De Beers Agrees to Botswana Sales Arm
February 09, 05 by Albert Robinson
De Beers has agreed with Botswana to create a local sales arm to promote more local processing of gems, the diamond giant's Managing Director Gareth Penny said. Details of the marketing joint venture still needed to be agreed with the Botswana government, Penny told Reuters.
In the meantime, the DTC has already encouraged foreign firms to set up four polishing factories in Botswana, Penny told journalists on the sidelines of a mining conference in Cape Town.
The Botswana finance minister referred to the joint venture in his budget speech on Monday, saying a deal was expected to signed by June.
Botswana -- the world's largest producer of diamonds by value -- and other African countries want a part of the value adding process, such as polishing the stones, in order to create jobs and promote economic growth rather than simply seeing the rough stones shipped abroad.
The idea for the sales venture arose during talks over renewing De Beers' rights to operate some of the world's most valuable diamond mines in Botswana, but Penny denied suggestions that the DTC was pressured by Botswana into agreeing to the venture in return for the renewal.
A local sales arm would be a natural progression from Namdeb - the De Beers-Botswana mining joint venture, Penny said.
De Beers has always said it was not viable to polish diamonds in Africa due to tough competition from China and India, where diamonds can be processed for around $10 per carat.
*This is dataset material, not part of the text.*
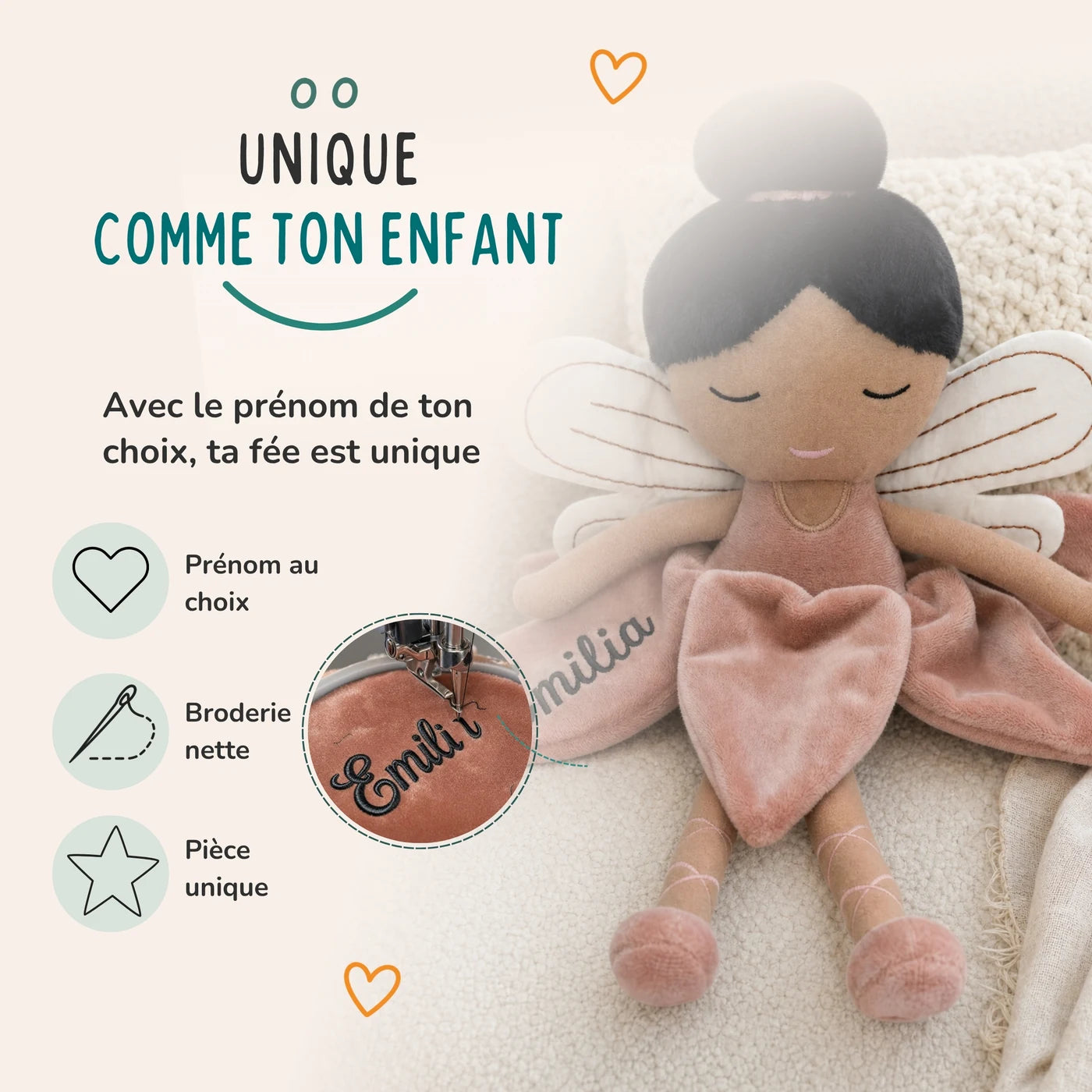 Prénom brodé au choix sur la robe de la fée, coloris Rosé — Kidsmood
In Botswana, where polishing costs $40-$50 per carat, only high-value diamonds can be economically processed, but a strategy to promote more links between polishers and retailers was making it possible to establish more factories in Africa, Penny said.
"They have to have the downstream distribution strategy that offsets the higher manufacturing costs," Penny said.
Penny said the DTC had opened talks with Namibia on a similar sales venture and was discussing with South Africa bringing more DTC functions such as sorting into the country.
South African Mining Minster Phumzile Mlambo-Ngcuka said on Monday De Beers had been asked to move the DTC headquarters from London to southern Africa, but Penny said this was not feasible.
Basic marketing theory says firms must be close to their clients and most diamond purchasing is done by countries such as the United States, Japan and Europe.
"Quite rightly, the minister is encouraging us, and we are receptive to doing so, to locating into southern Africa the things that can be appropriately situated here," Penny told Reuters.
Speaking to African mining ministers recently, De Beers' Chairman Nicky Oppenheimer said southern African countries should insist miners operate in a way that brings the maximum benefits to their peoples but hinted they should be realistic in their demands.